Questo mi pare sia tutto. Ma non arriva mica subito, o facilmente: nel film iniziano a parlare proprio quando cominci a pensare si tratti di un film muto… e, quando il film finisce (in modo identico a Cast Away), non senti di aver raggiunto la fine, ed esci dalla sala chiedendoti se in realtà tu non fossi “somewhere else”. Piano piano, lasciando decantare, qualcosa finalmente viene fuori. Non un granché, ma il gioco della Coppola forse era proprio quello. Un po’ l’effetto che si prova nel video Flash Delirium dei MGMT.

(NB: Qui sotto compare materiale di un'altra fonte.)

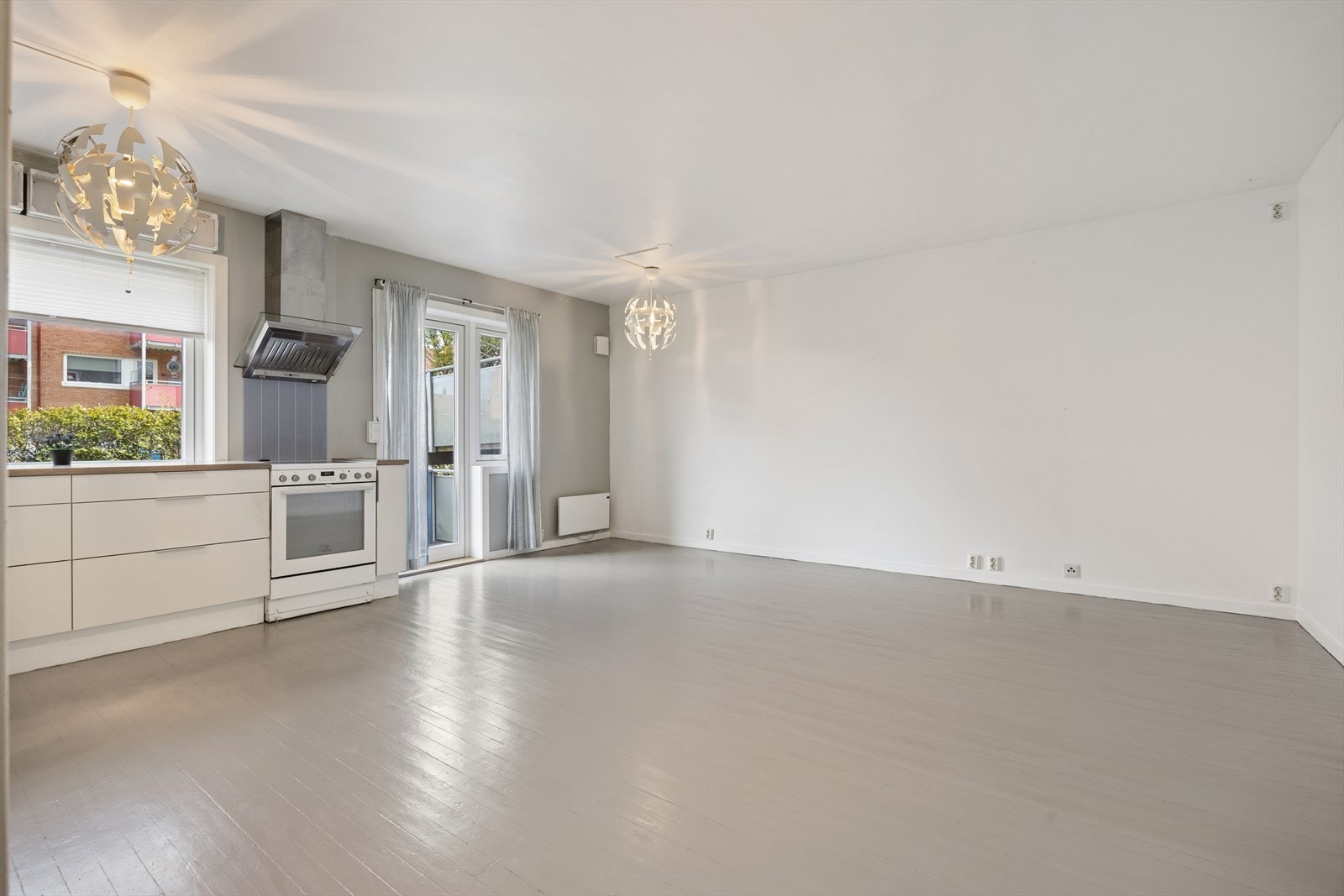Utgang til verandaen direkte fra stuen. Galleribilde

Mentre il momento “italiano” del film l’ho trovato di cattivo gusto (se non offensivo), vedere la figlia di Johnny ordinare ingredienti dalla camera d’albergo per poi preparare da mangiare al suo papà con le sue manine mi è piaciuto. Una perla di tenerezza -all’interno di quel contesto- che forse è anche in parte autobiografica. Per questo vorrei legare il film a un piatto della tipica prima colazione americana fatta in casa: una cosetta che adoro, ma che in Italia non sono ancora riuscito a mangiare come si deve.
Pancakes
Ingredienti: 200 gr di farina, 2 cucchiaini da tè di lievito in polvere, 1/2 cucchiaino da tè di sale, 1 cucchiaio di zucchero, 2 uova, 250 ml di latte, 3 cucchiai di olio di semi vari
In un recipiente medio unire farina, lievito, sale e zucchero. Mescolare e mettere da parte. In un altro recipiente medio battere i bianchi d'uovo finché diventano consistenti. Senza lavare lo sbattitore, battere leggermente i tuorli in un terzo recipiente medio.
Mescolare bene il latte e l'olio. Aggiungere i liquidi agli ingredienti solidi e mescolare finché il composto è omogeneo ed aggiungere infine i bianchi d'uovo montati.
Ungere e riscaldare una padella di diametro medio a fuoco moderato. Mettere circa 3 cucchiai del composto per pancake ottenuto nella padella. Distribuire fino ad ottenere un cerchio di circa 10 cm. di diametro. Cuocere finché la parte superiore fa bolle ed appare asciutta; girare il pancake e cuocerlo dall'altra parte finché si scurisce. Mangiateli caldi e cosparsi di sciroppo d'acero: non ve ne pentirete.